Yet there was a curious instance during the week of how the Olympics can sound a progressive note rather than regurgitating the usual tone-deaf solipsism we associate with the decision to continue with the games of 1972, despite the massacre of Israeli athletes that year in Munich.

The instance I refer to was the Sports Illustrated cover which gave a neat twist on the ‘where are they now’ question by putting Caitlyn Jenner on the cover, with a cover of the magazine from 40 years ago alongside. That showed Caitlyn Jenner as she was then: Bruce Jenner, Olympic gold-winning decathlete.

The notion of transitioning from one gender to another makes many people uncomfortable; hence the repeated pleas for tolerance and understanding of the LGBTQ community. Caitlyn Jenner’s highly visible journey is an asset rather than a liability in this regard, showing people the reality rather than the reaction. This will be seen as normal in a few years; we’ll look back and wonder what the fuss was about.

Until we reach that point, though, the Jenner story helps.
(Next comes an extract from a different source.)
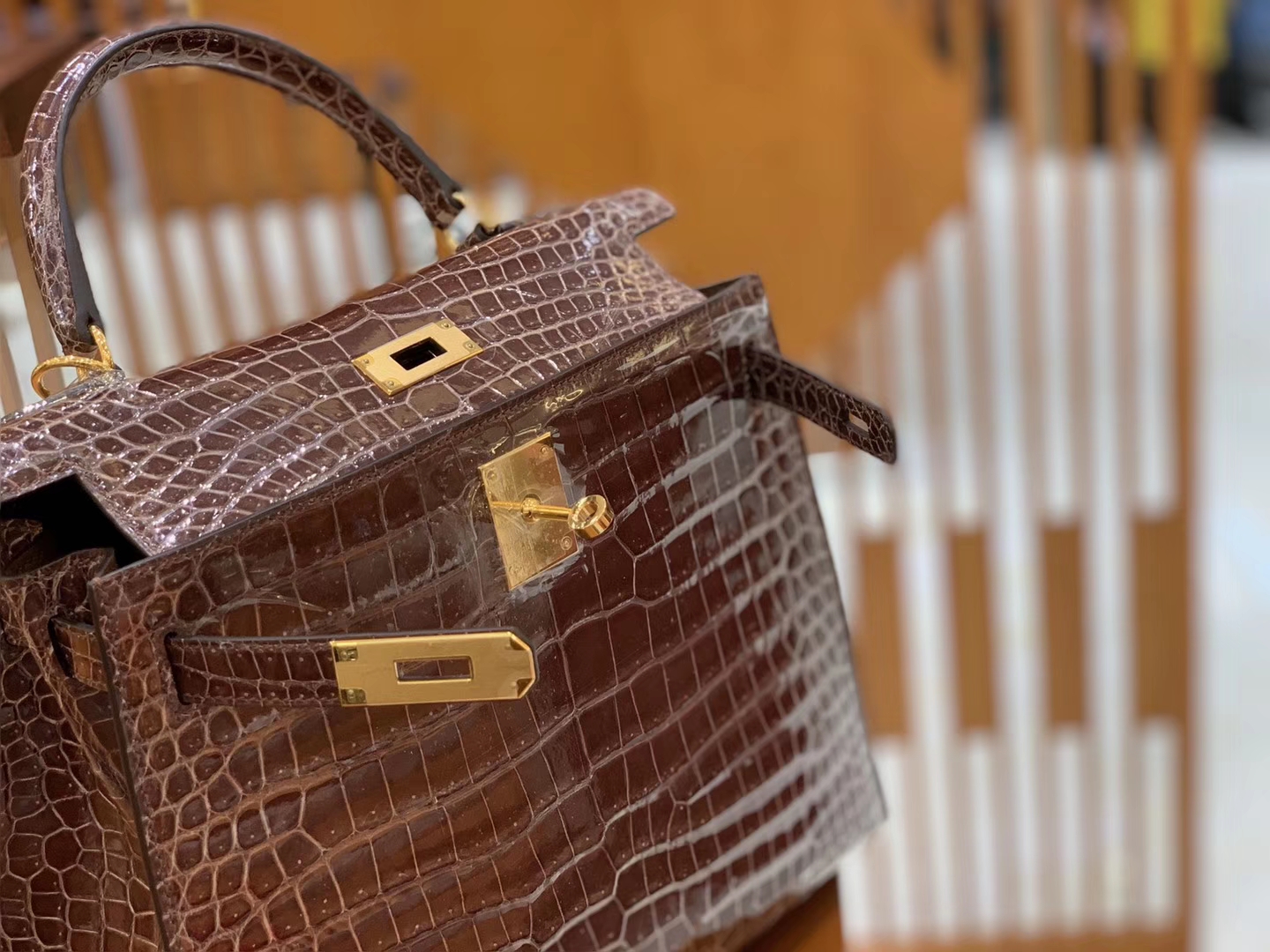 Hermès（爱马仕）Kelly 凯莉包 棕咖色 咖啡 一级皮 倒V 野生湾鳄鱼皮 臻品级别 金扣 28cm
The fact that it’s happening at an angle to the sports world helps, given — how to put this delicately — the demographic following the back pages are widely perceived not to be simultaneously absorbing worthy opinion pieces on social evolution.

That said, in writing up an interview with former The New York Times sports editor Joe Sexton a few days ago, I found a general point of his about sport resonant this week: “It’s an enormous societal force with all sorts of questions to be asked of it, from whether you should allow kids to play football with the prospect of brain damage, or girls entitled to equal opportunities in collegiate sport... it’s no less an element of American society deserving of attention than business or education, or healthcare, and should be seen that way.”

And reported that way, too.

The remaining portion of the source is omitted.